What this task involves: Give the data below again exactly as written, without its pictures.

Saved data entries:
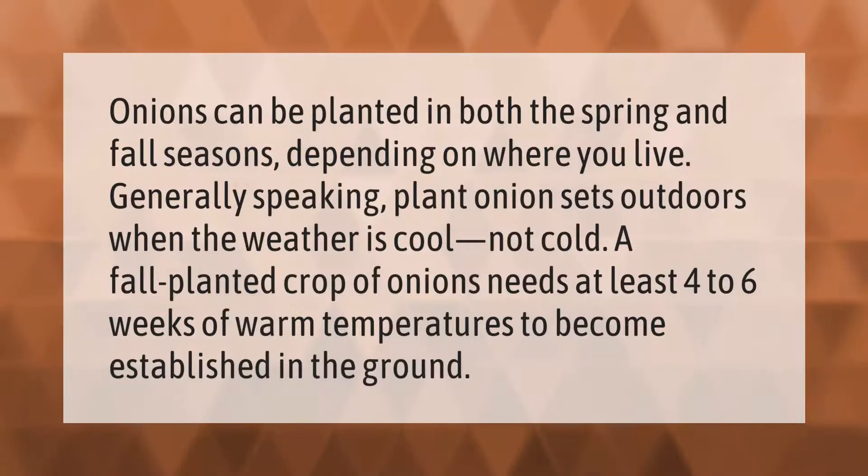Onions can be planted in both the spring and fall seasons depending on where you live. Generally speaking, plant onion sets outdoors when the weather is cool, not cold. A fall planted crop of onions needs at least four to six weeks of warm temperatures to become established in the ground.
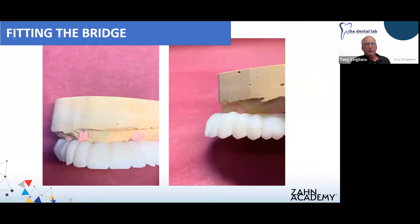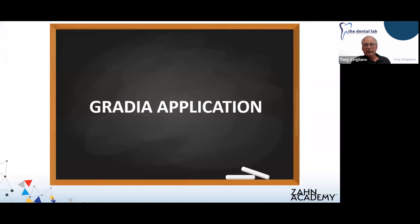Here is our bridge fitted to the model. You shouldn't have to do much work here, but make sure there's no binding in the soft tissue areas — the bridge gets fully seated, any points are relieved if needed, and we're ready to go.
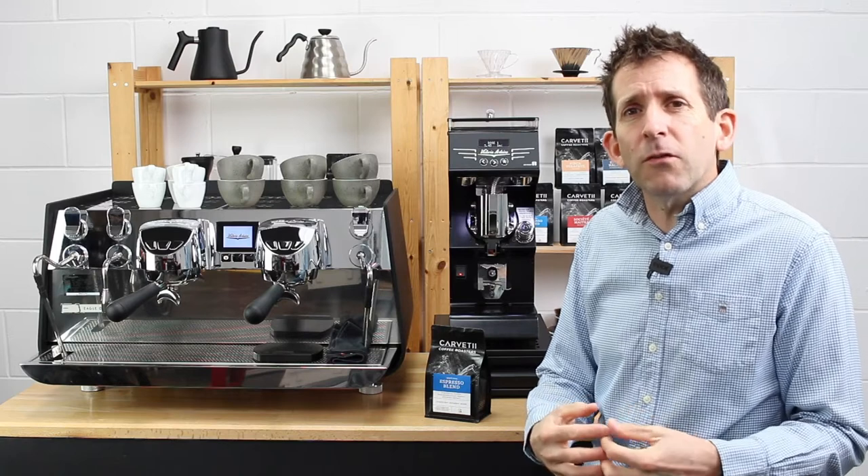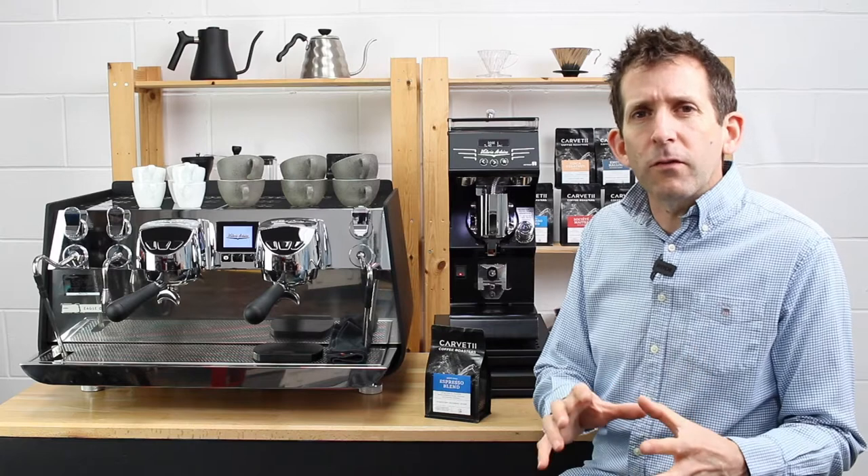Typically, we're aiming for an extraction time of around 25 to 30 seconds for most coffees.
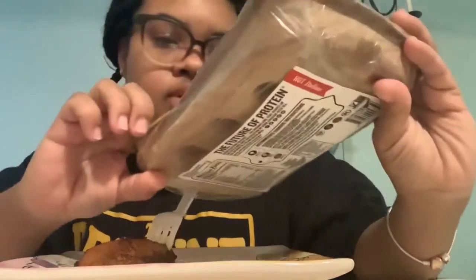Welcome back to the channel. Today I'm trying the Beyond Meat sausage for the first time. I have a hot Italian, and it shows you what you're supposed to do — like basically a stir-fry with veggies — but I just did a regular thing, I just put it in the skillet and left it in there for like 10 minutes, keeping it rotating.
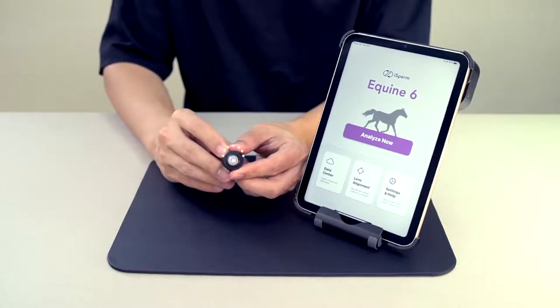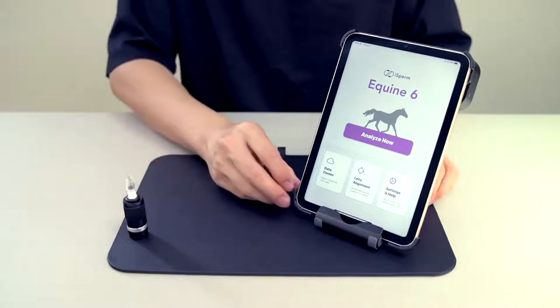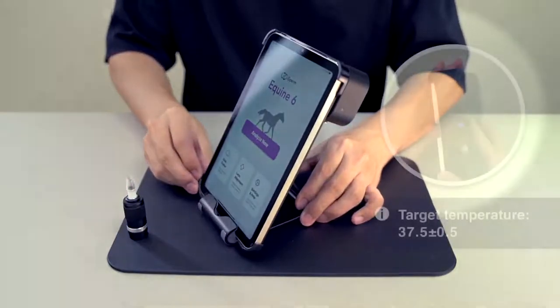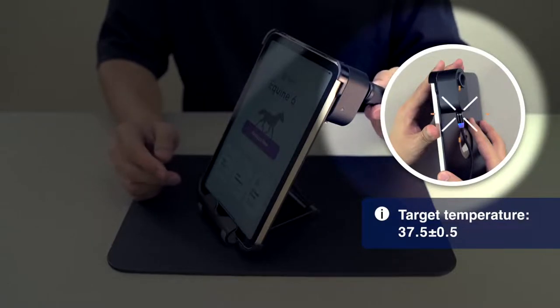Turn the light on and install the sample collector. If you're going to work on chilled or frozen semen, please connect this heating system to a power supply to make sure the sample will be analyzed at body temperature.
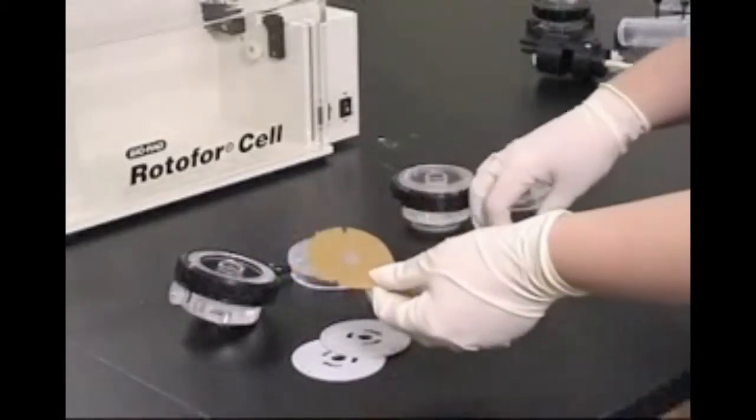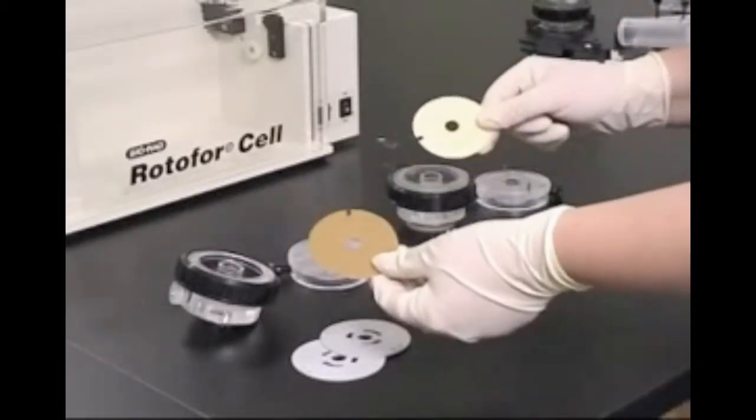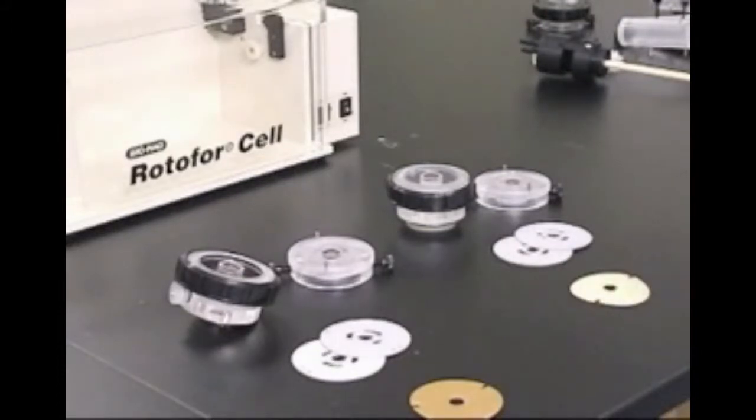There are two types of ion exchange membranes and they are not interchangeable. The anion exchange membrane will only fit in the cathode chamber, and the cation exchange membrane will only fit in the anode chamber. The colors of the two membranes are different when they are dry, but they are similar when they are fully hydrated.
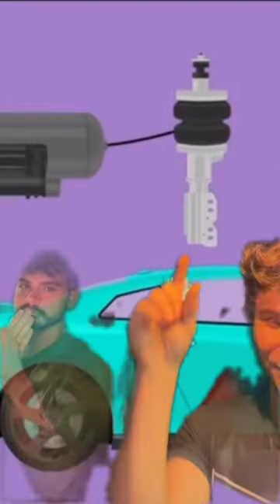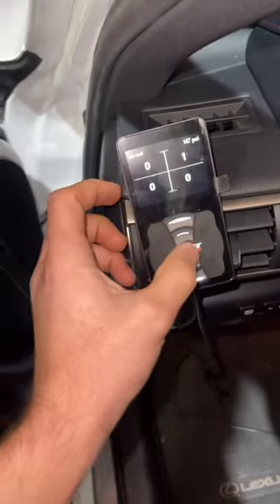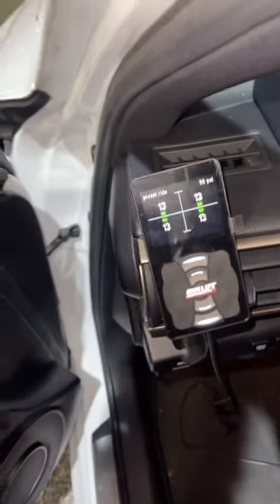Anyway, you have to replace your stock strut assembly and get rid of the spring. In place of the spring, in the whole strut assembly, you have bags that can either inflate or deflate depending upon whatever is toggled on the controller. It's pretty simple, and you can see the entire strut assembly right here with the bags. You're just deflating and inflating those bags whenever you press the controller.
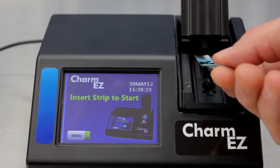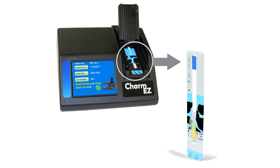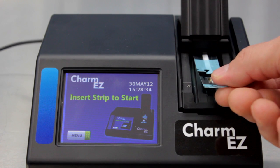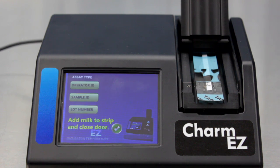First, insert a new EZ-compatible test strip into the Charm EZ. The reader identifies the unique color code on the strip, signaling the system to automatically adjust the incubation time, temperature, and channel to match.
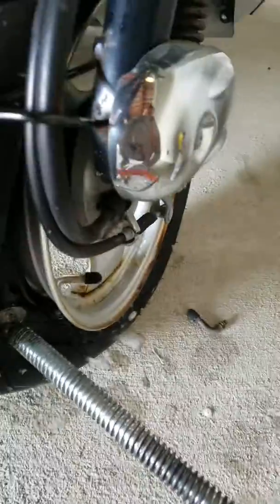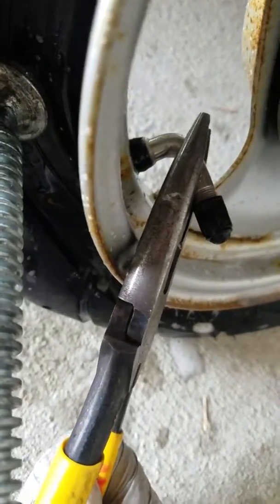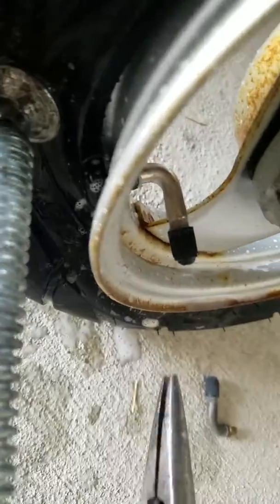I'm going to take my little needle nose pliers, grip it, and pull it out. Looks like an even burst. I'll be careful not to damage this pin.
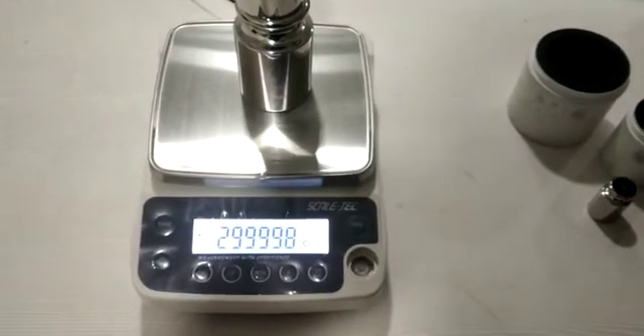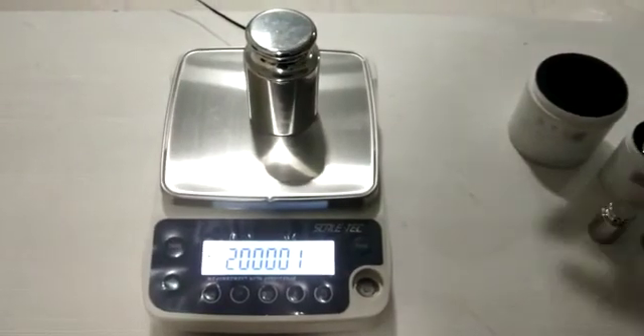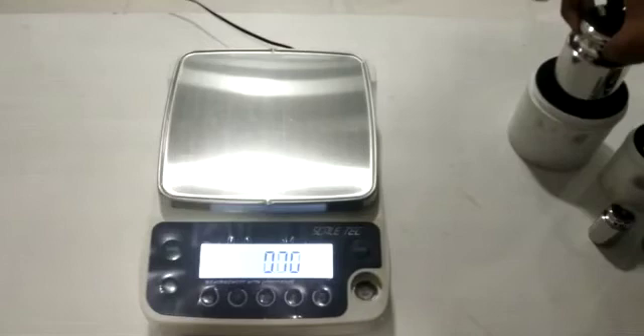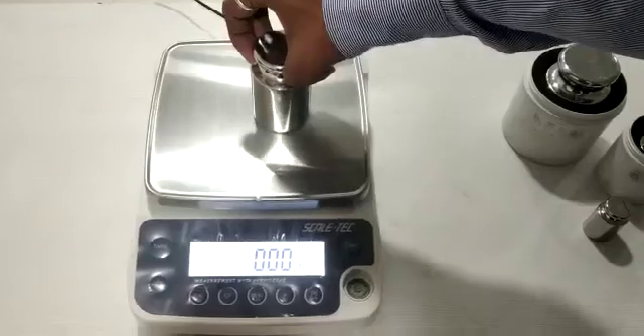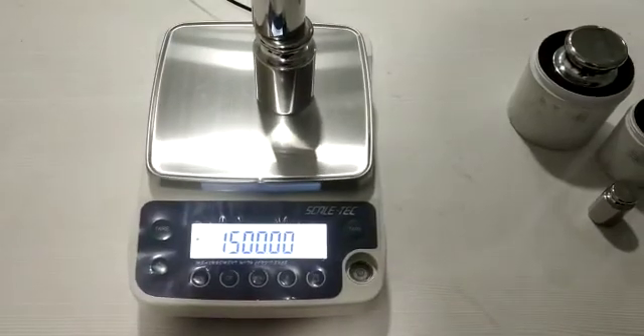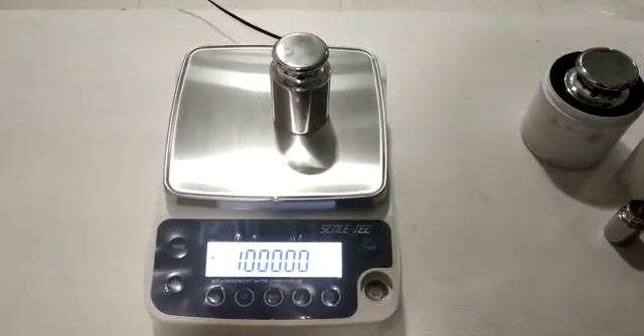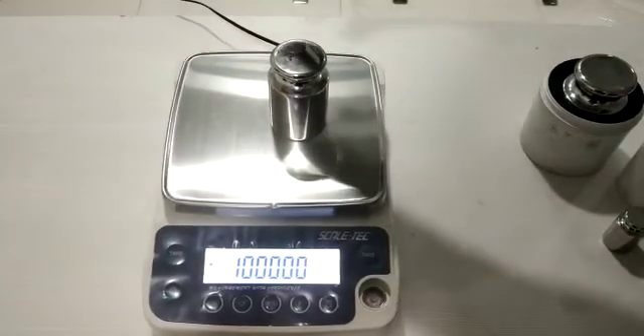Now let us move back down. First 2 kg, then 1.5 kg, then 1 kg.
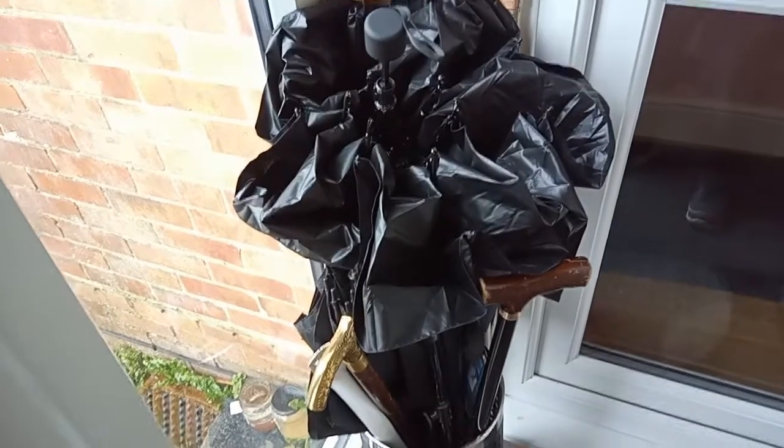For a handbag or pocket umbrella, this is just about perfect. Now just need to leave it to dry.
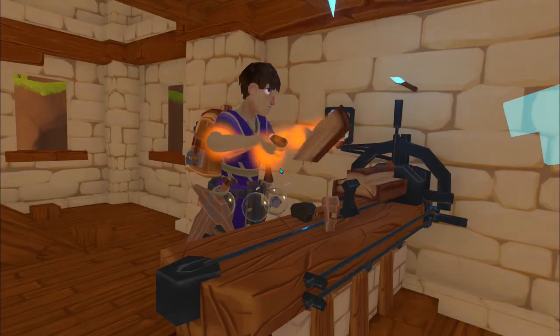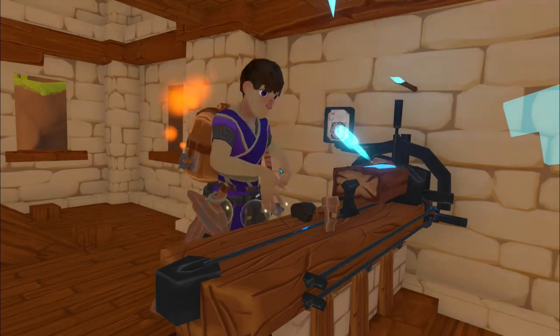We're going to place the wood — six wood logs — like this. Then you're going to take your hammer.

Exercise output:
Onions can be planted in both the spring and fall seasons depending on where you live. Generally speaking, plant onion sets outdoors when the weather is cool, not cold. A fall planted crop of onions needs at least four to six weeks of warm temperatures to become established in the ground.
Here is our bridge fitted to the model. You shouldn't have to do much work here, but make sure there's no binding in the soft tissue areas — the bridge gets fully seated, any points are relieved if needed, and we're ready to go.
Typically, we're aiming for an extraction time of around 25 to 30 seconds for most coffees.
Welcome back to the channel. Today I'm trying the Beyond Meat sausage for the first time. I have a hot Italian, and it shows you what you're supposed to do — like basically a stir-fry with veggies — but I just did a regular thing, I just put it in the skillet and left it in there for like 10 minutes, keeping it rotating.
Turn the light on and install the sample collector. If you're going to work on chilled or frozen semen, please connect this heating system to a power supply to make sure the sample will be analyzed at body temperature.
There are two types of ion exchange membranes and they are not interchangeable. The anion exchange membrane will only fit in the cathode chamber, and the cation exchange membrane will only fit in the anode chamber. The colors of the two membranes are different when they are dry, but they are similar when they are fully hydrated.
Anyway, you have to replace your stock strut assembly and get rid of the spring. In place of the spring, in the whole strut assembly, you have bags that can either inflate or deflate depending upon whatever is toggled on the controller. It's pretty simple, and you can see the entire strut assembly right here with the bags. You're just deflating and inflating those bags whenever you press the controller.
First, insert a new EZ-compatible test strip into the Charm EZ. The reader identifies the unique color code on the strip, signaling the system to automatically adjust the incubation time, temperature, and channel to match.
I'm going to take my little needle nose pliers, grip it, and pull it out. Looks like an even burst. I'll be careful not to damage this pin.
Now let us move back down. First 2 kg, then 1.5 kg, then 1 kg.
For a handbag or pocket umbrella, this is just about perfect. Now just need to leave it to dry.
We're going to place the wood — six wood logs — like this. Then you're going to take your hammer.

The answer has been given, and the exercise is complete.